=== Material to process ===

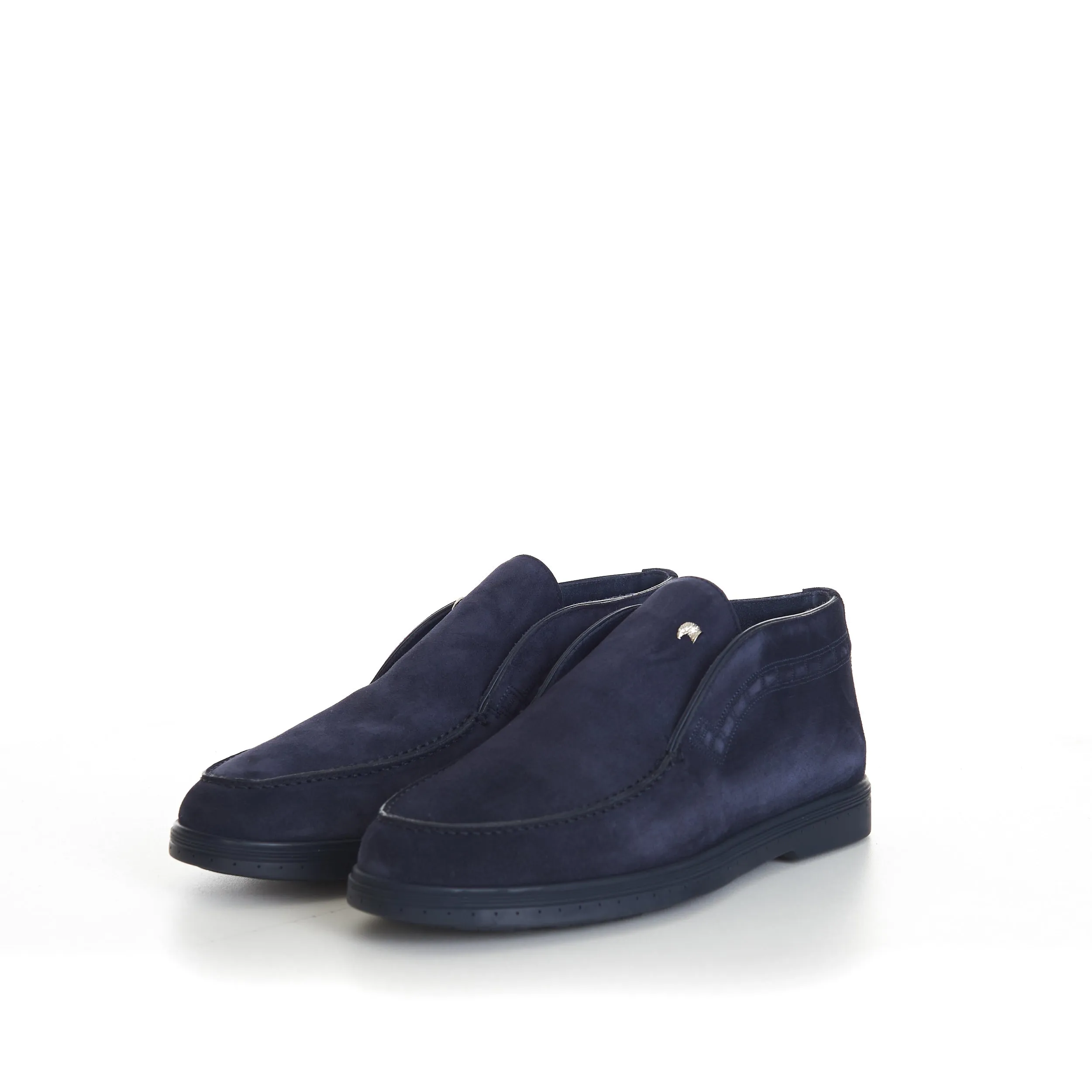 Blue Ankle Suede Loafers With Rubber Soles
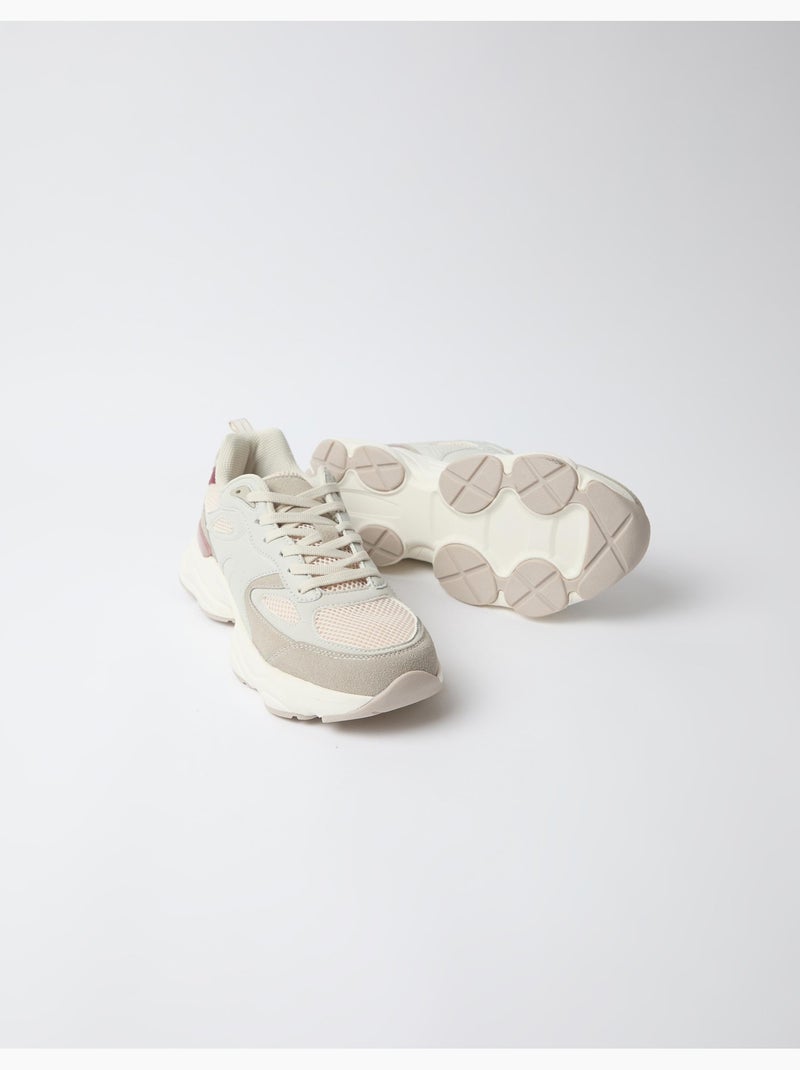 Contrast sneakers, mo fashion Beige - Kiabi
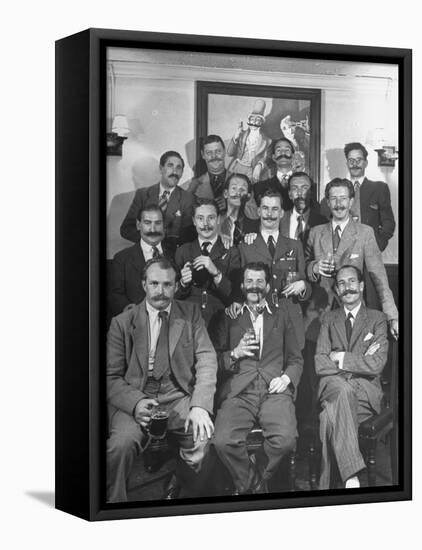 Members of Handlebar Club Posing for Photograph-Nat Farbman-Framed Premier Image Canvas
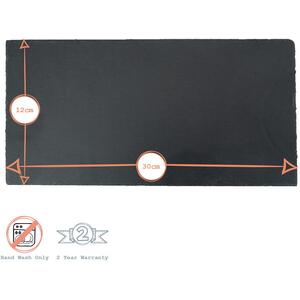 Rectangle Slate Dinner Plate - 29 x 12cm - Grey / 30cm / 29.5cm / 6 by Argon Tableware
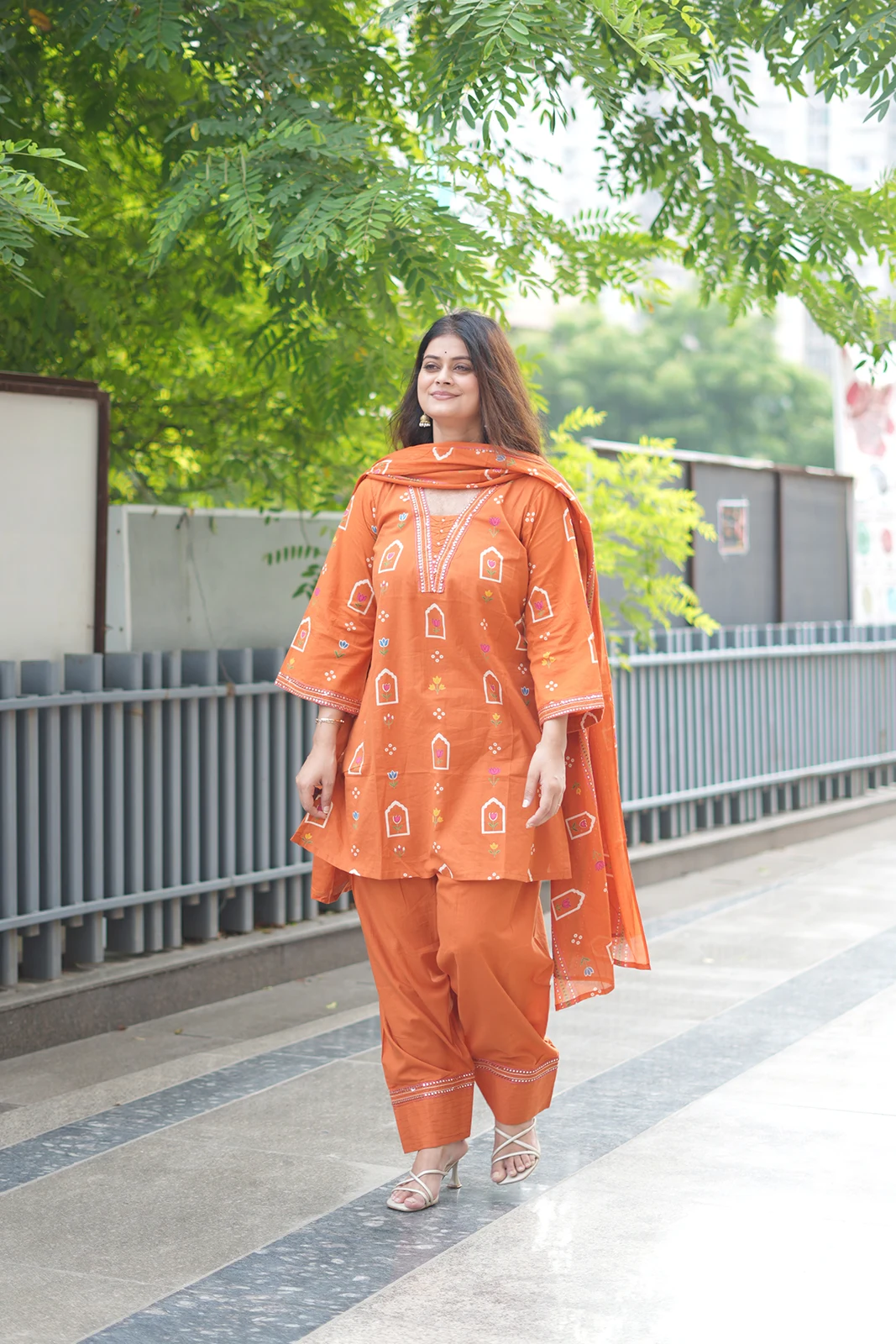 Orange Printed Cotton Farsi Summer Set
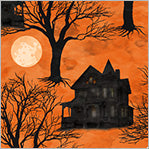 Full Moon Flame Haunted House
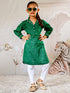 Girl's Green Cotton Kurta Leggings Set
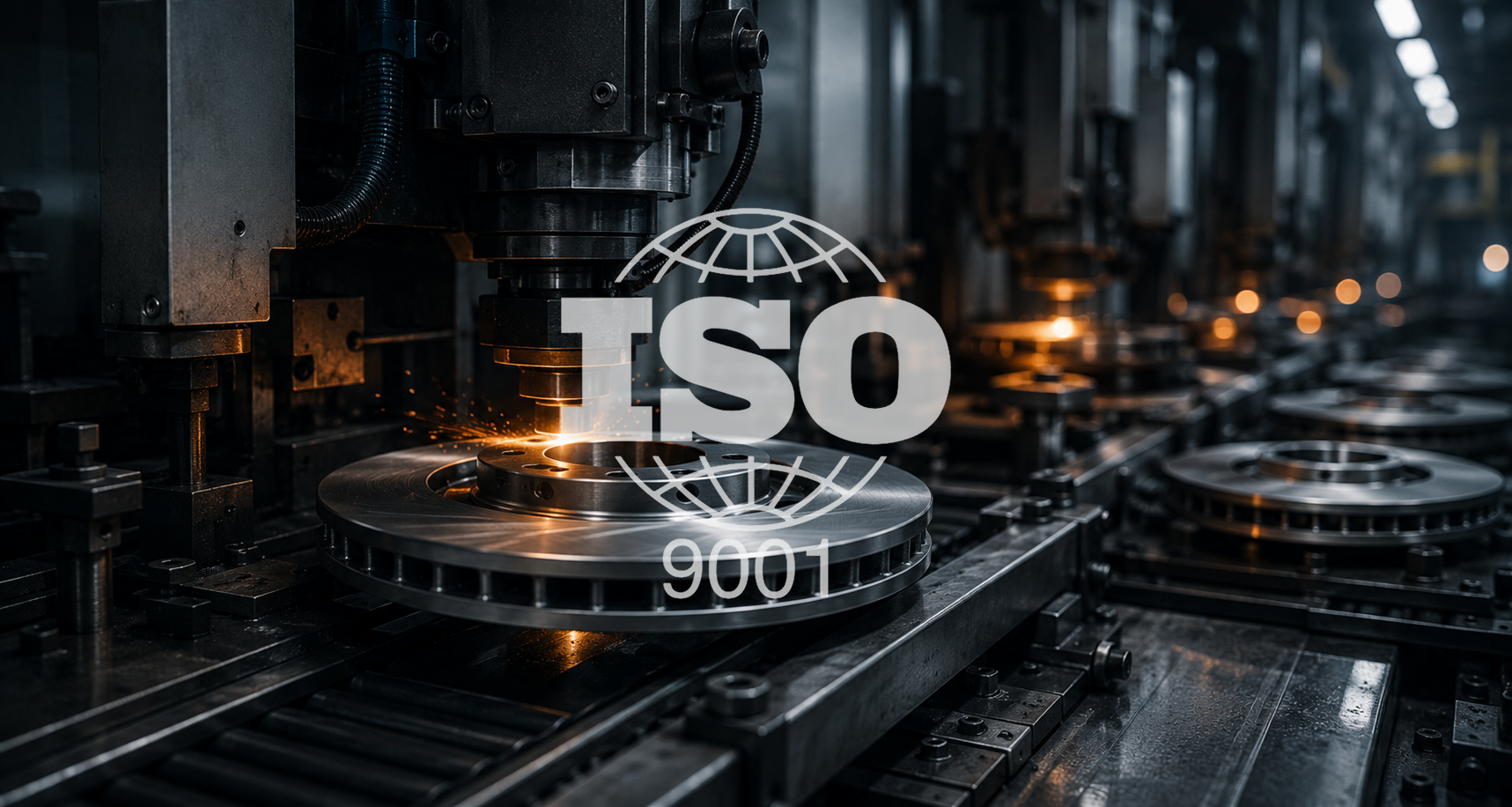 Máquina industrial automática que mecaniza piezas metálicas circulares mientras sueltan chispas en una fábrica con iluminación tenue, con el texto ISO 9001 superpuesto.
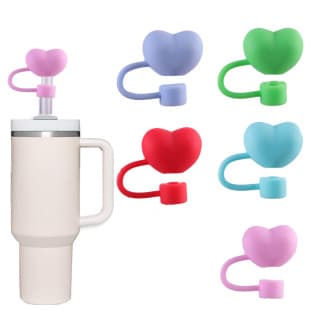 Heart Straw Cap Stanley Cup Straw Dust Plug Amazon Hot Selling Eco-Friendly Soft Silicone Straw Cover 10mm
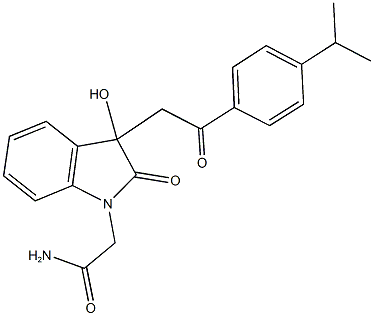 2-{3-hydroxy-3-[2-(4-isopropylphenyl)-2-oxoethyl]-2-oxo-2,3-dihydro-1H-indol-1-yl}acetamide Struktur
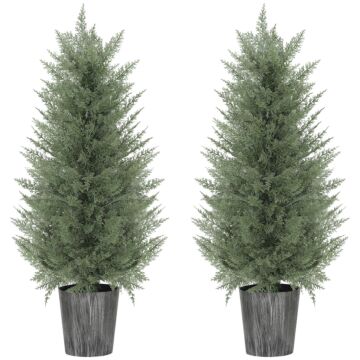 Homcom 90cm Artificial Cypress Trees Set Of 2, Uv Resistant Artificial Plants With Decorative Pot, Fake Plants For Indoor Outdoor Decor, Green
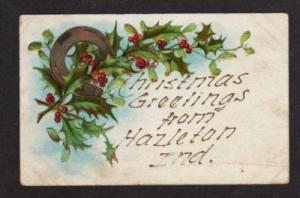 IN Christmas Greetings HAZLETON INDIANA Horseshoe Holly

===

[What to produce] Print nothing but the lines above starting with the line that contains "Orange Printed Cotton Farsi Summer Set" and going on through the line that contains "Homcom 90cm Artificial". Leave out the pictures.

[Answer space]
 Orange Printed Cotton Farsi Summer Set
 Full Moon Flame Haunted House
 Girl's Green Cotton Kurta Leggings Set
 Máquina industrial automática que mecaniza piezas metálicas circulares mientras sueltan chispas en una fábrica con iluminación tenue, con el texto ISO 9001 superpuesto.
 Heart Straw Cap Stanley Cup Straw Dust Plug Amazon Hot Selling Eco-Friendly Soft Silicone Straw Cover 10mm
 2-{3-hydroxy-3-[2-(4-isopropylphenyl)-2-oxoethyl]-2-oxo-2,3-dihydro-1H-indol-1-yl}acetamide Struktur
 Homcom 90cm Artificial Cypress Trees Set Of 2, Uv Resistant Artificial Plants With Decorative Pot, Fake Plants For Indoor Outdoor Decor, Green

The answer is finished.